Monday 1 November 2010

Audio

Transcript

Ramona Koval: So how do you go about charting the beginnings and ends of an ocean? For Simon Winchester, Shakespeare and a former British Foreign Secretary came to the rescue.

Simon Winchester: Shakespeare, through the wonderful offices of David Owen, the former Foreign Secretary, I always carry—and indeed have in my suitcase with me now—a paperback of anthology that David Owen wrote, called Seven Ages, which he divides his lifetime's favourite poetry along the lines of the seven ages of man from As You Like It. I'm sure you all remember it, but basically the seven ages are: infancy, schoolchild, lover, soldier, justice, old man, and then return to childhood. And it struck me that in just the same way that David Owen had managed to corral his poems according to that rubric, so it might be possible to corral everything that I knew, or could find out about the Atlantic. And so the 'Infancy' chapter, for instance, would look at mankind's or humankind's first contact with the ocean, as an infant.

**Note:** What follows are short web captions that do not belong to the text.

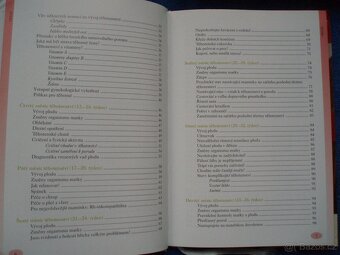 knihy pro předškolní výchovu-výchova LEVÁKŮ v rodině - 15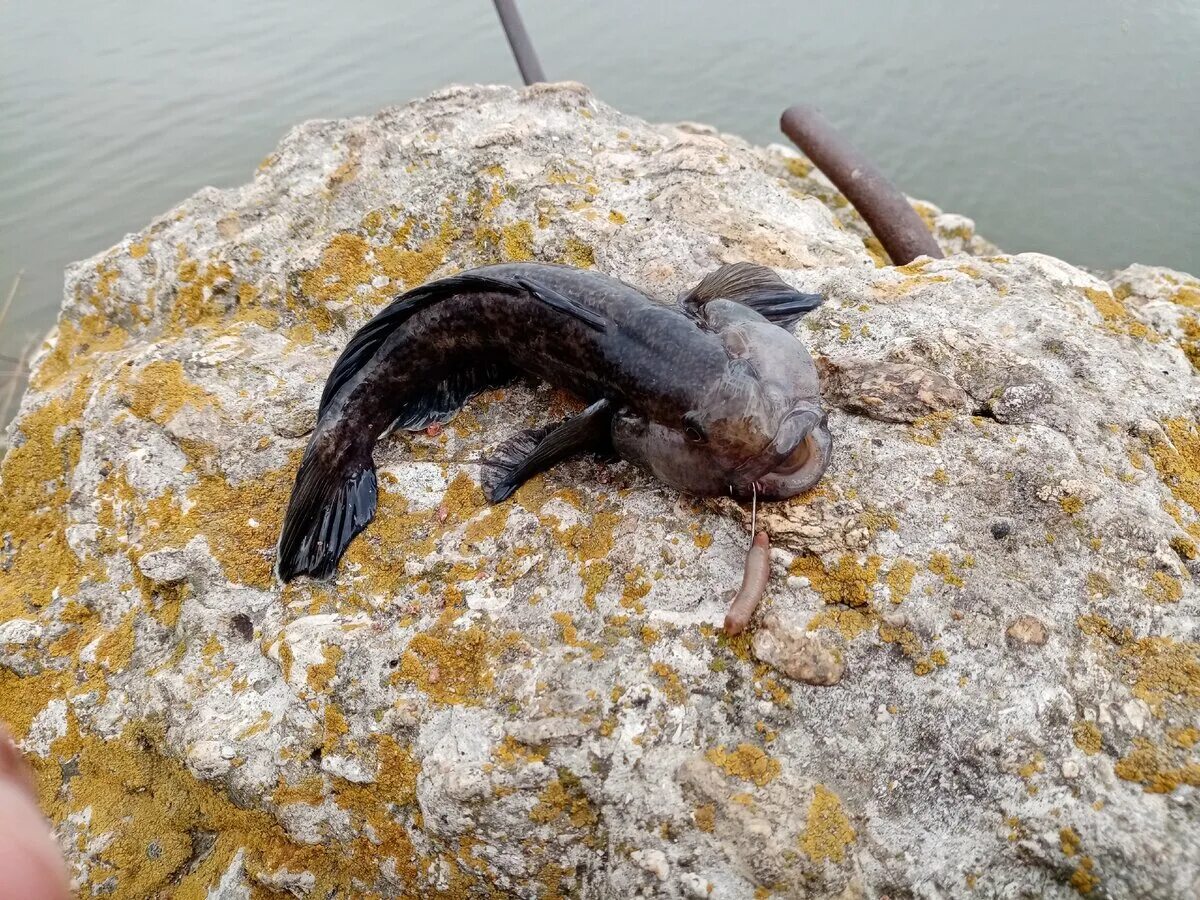 Бычок азовского моря. Бычок Черноморский мартовик. Бычок рыба морской Азовский. Бычок подкаменщик Черноморский. Бычок рыба Азовское море.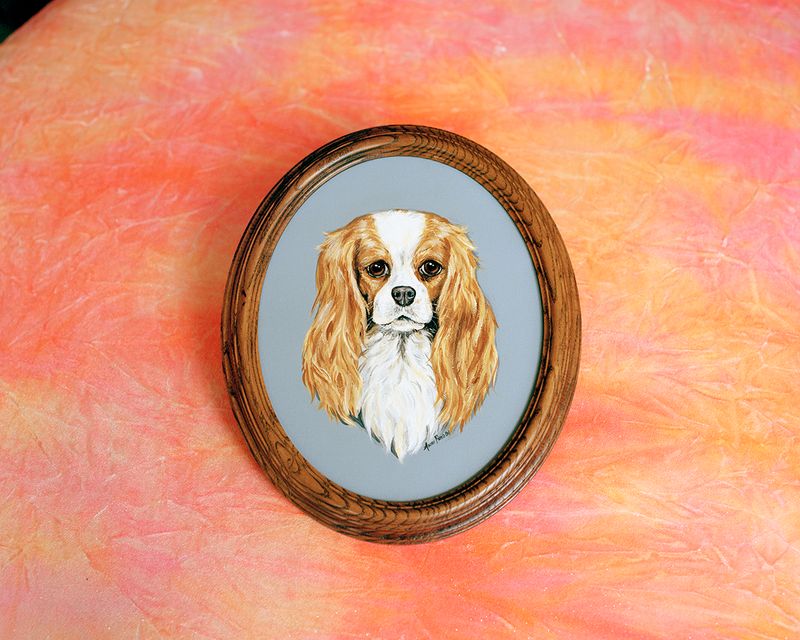 © Bego Anton - Image from the Everybody Loves to ChaChaCha photography project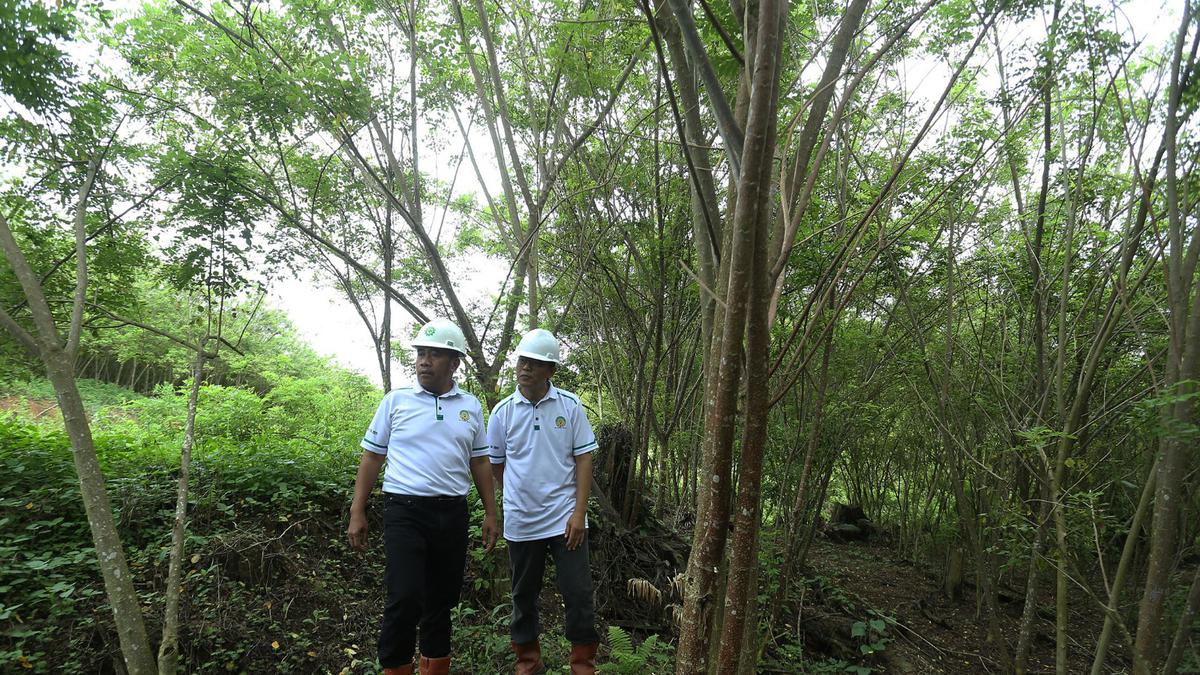 BJA Group Buktikan Industri Wood Pellet Bisa Tumbuh Tanpa Deforestasi, Tanam 20 Juta Pohon Gamal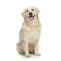 Article to Know on cheapest pet shop in lucknow and Why it is Trending?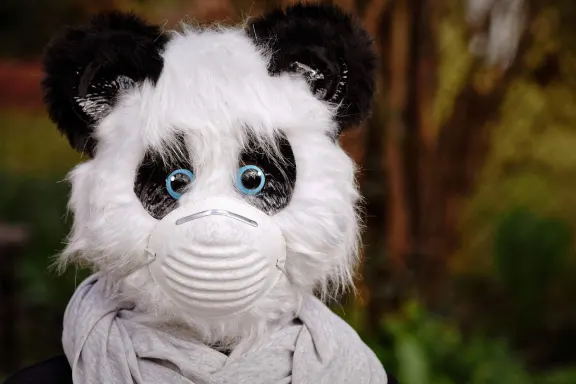 NoxWin Kazino Pagalba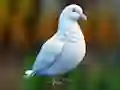 Leikur Realistic Pigeon Rescue á netinu
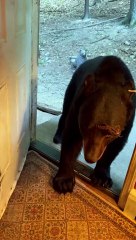 Polite Bear Closes The Door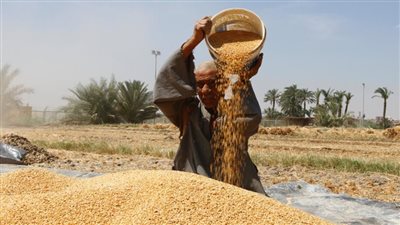 أسعار القمح تهبط لأدنى مستوى أسبوعي مع توقعات طقس دافئ بالولايات المتحدة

Ramona Koval: So it begins in Africa. But you call the Atlantic 'the inland sea of western civilisation.'

Simon Winchester: Well, yes, I mean that's I suppose the thesis of the book, that if you accept that the Mediterranean was the inland sea of classical civilisation, then given the immense amount of things that were conceived, or born or invented, or tested, that are central to western civilisation and born or created or conceived in and around the Atlantic Ocean, then it seems fair to label it thus. And as a further example, I mean the beginnings of settlement on the Atlantic: that was really the Phoenicians about 700 or 800 years BC. And if you can imagine that—and once again there has to be a bit in this slightly new genre of what the Americans call 'creative non-fiction'—you have to, and you alert the reader to this fact, but you say, 'this is what I believe would have happened,' that you have these Phoenician merchants trading in the Mediterranean Sea and coming from ports in the Levant like Tyre and Sidon in their little boats, called galloi and hippoi and which were built to withstand the not particularly stressful waters of the Mediterranean.

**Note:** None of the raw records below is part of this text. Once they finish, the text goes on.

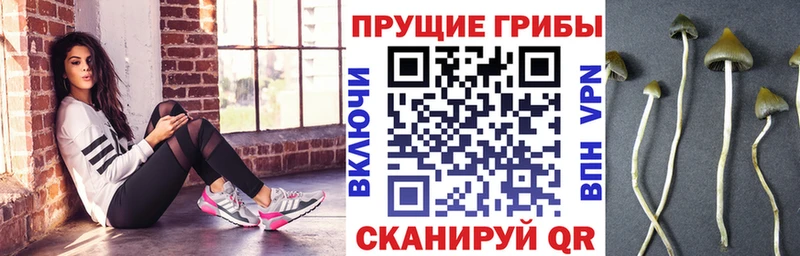 Псилоцибиновые грибы Psilocybine cubensis  Елизаветинская 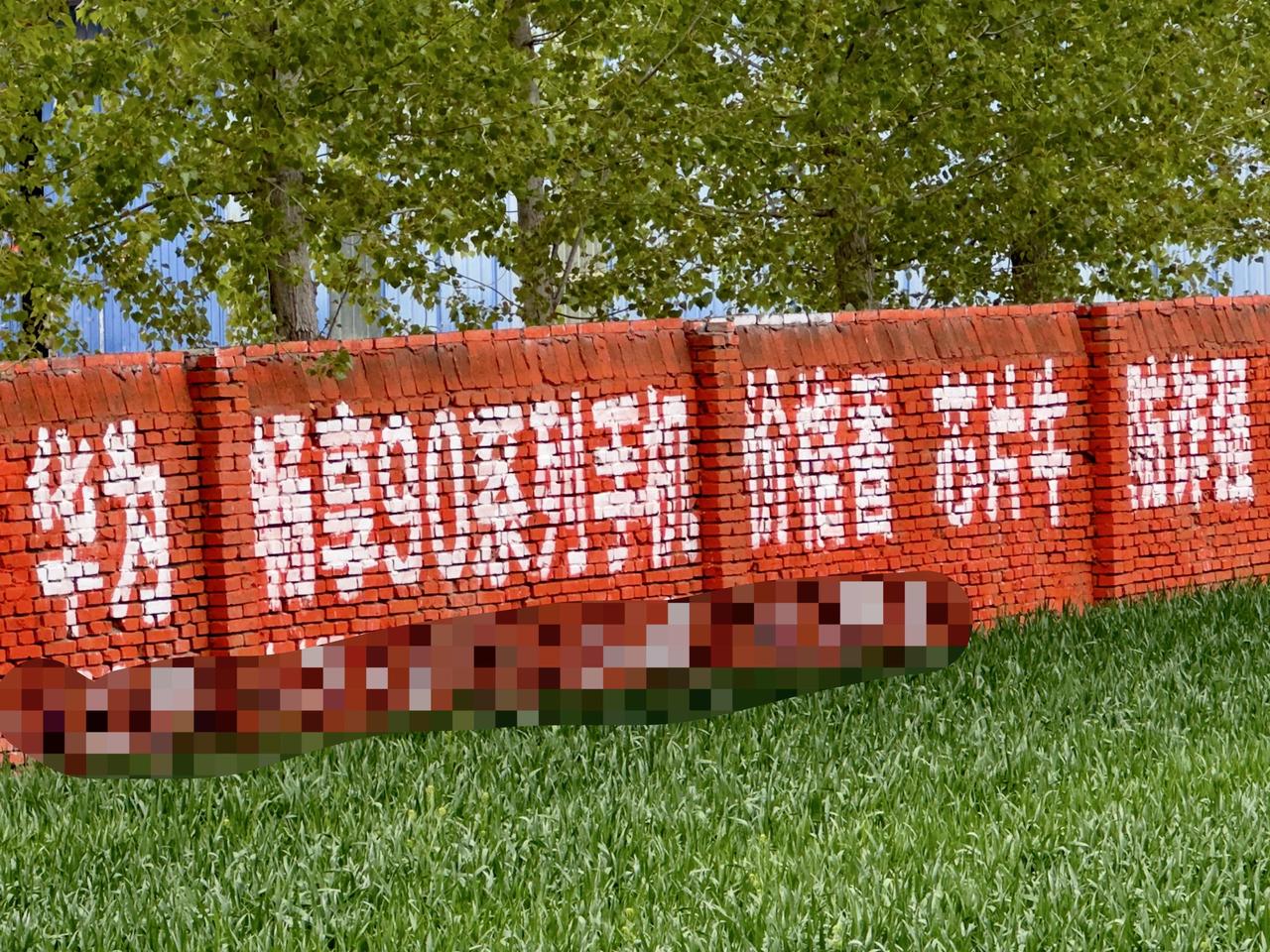 华为畅享90系列手机 价格香 芯片牛 防诈强

不是AI图片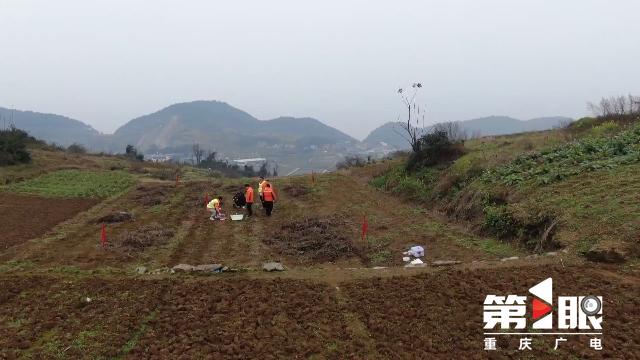 新春走基层 · 把牢粮食安全关 他们终日与泥土为伴1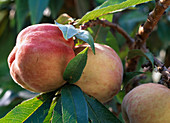 Prunus persica (fruits of the dwarf peach)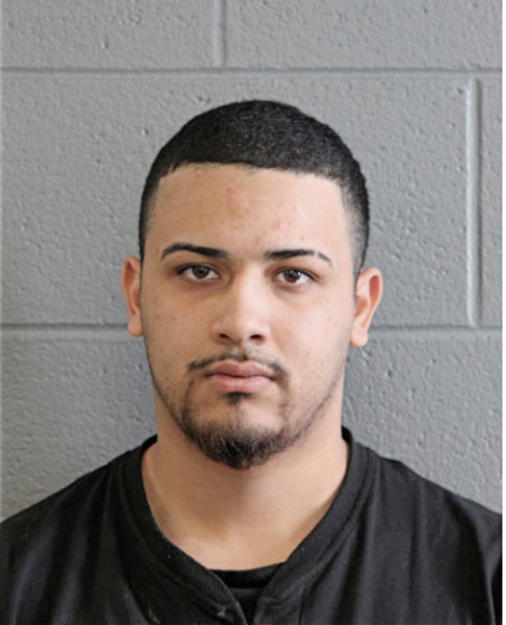 LUIS O RODRIGUEZ, Cook County, Illinois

And they trade all over, from ports as far west as Malaga and Alexandria and places like that. And one of the things that they're trading in at this particular point in history is the purple dye that they can extract from a shell, Murex brandaris, which is a sort of big gastropod with a snail inside it, which if you—a very complicated way of doing it—but basically you crush the snail and use some sort of lye or salt and you can extract from its veins an indelible purple dye, which to this day is called Tyrian purple and has got a specific Pantone number to it. And that's what the Mediterranean aristocracy, and most notable the Roman aristocracy, coloured their clothes with to show they'd been 'born to the purple,' or whatever the phrase is.

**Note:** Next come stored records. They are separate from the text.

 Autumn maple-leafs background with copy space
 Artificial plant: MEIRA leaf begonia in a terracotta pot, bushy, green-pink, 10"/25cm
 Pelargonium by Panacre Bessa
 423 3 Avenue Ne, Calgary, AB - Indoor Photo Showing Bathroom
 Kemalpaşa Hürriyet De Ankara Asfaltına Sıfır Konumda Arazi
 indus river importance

Ramona Koval: But they themselves were pretty timid when it came to the Atlantic, the Romans.

Simon Winchester: Well, the Romans were frightful wusses, yes. When they—this was a little later, and if I can just stick to sort of the hundreds, because that wasn't till shortly before the... But you see, you've got these Phoenicians trading in these shells, or at least the dye they extract from the shells, in the Mediterranean, but fully aware that beyond the Pillars of Hercules, beyond Gibraltar on the right-hand side and the great cliffs of Jebel Musa in what is now Morocco on the left-hand side, beyond that is a sea into which they've never ventured, 'the great sea of gloom,' as I think Homer referred to it. I mean, it was a terrifying ocean where unimaginable storms and sea monsters... and it was a sea of myth and legend and horror, but impelled by commerce, which is of course what leads humankinds to do all sorts of things. Eventually one Phoenician boat, or one small Phoenician fleet, said, 'Why don't we try and see if we can find these purple dye shells beyond?' And so they sailed through, in these little boats—and they must have been buffeted in storms—they turned left and they made their way gingerly, didn't lost sight of the coast as far as one can see, but eventually drew up to a pair of islands which to this day are called the Iles Purpuraires, the Purple Islands. And they settled there, and there were thousands of these shells, which they then, they set up an entrepôt, a trading station, and that's off the port of Essaouira in Morocco.

So that's really where we've made our first foothold, and then we went up to Spain and Biarritz and then up to Cornwall, and then trade and commerce began properly.

Ramona Koval: So what's the evidence for the Phoenicians' view of the sea and fear of the sea and courage?

Simon Winchester: Well, trading records are kept. And of course there are shipwrecks, there's a notorious ship called the Uluburun ship—it may actually not have been Phoenician, but it was a Mediterranean ship laden with all the... hippopotamus ivory and scarabs and murex shells. So there's very little written evidence, but there's enough archaeological evidence and of course of the Phoenicians having been in the Iles Purpuraires. Anyone that goes there now, although it's rather difficult to get to, will see parts of ships and odds and ends like that.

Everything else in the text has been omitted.